Book Description
Roland Barthes was the leading figure of French Structuralism, the theoretical movement of the 1960s which revolutionized the study of literature and culture, as well as history and psychoanalysis. But Barthes was a man who disliked orthodoxies. His shifting positions and theoretical interests make him hard to grasp and assess. This book surveys Barthes' work in clear, accessible prose, highlighting what is most interesting and important in his work today. In particular, the book describes the many projects, which Barthes explored and which helped to change the way we think about a range of cultural phenomena--from literature, fashion, wrestling, and advertising to notions of the self, of history, and of nature.

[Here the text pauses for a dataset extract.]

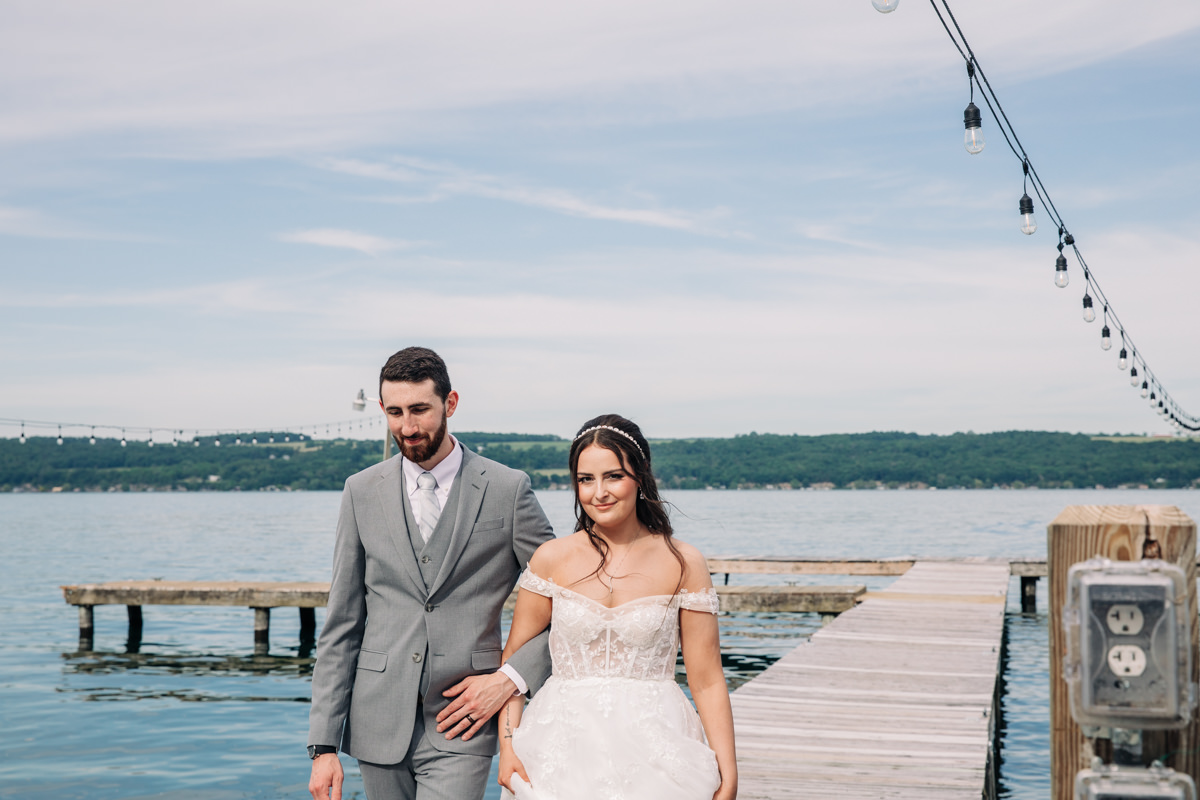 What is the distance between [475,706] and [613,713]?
1.71 feet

Barthes: A Very Short Introduction FROM THE PUBLISHER
"Roland Barthes (1915-80) was an 'incomparable enlivener of the literary mind' whose lifelong fascination was with 'the way people make their world intelligible'. He has a multifaceted claim to fame: to some he is the structuralist who outlined a 'science of literature', and the most prominent promoter of semiology; to others he stands not for science but pleasure, espousing literature which gives the reader a creative role." "He called for 'the death of the author', urging that we study not writers but texts, yet he himself published idiosyncratic books rightly celebrated as imaginative products of a personal vision." Jonathan Culler elucidates the varied theoretical contributions of this 'public experimenter' and describes the many projects which Barthes explored.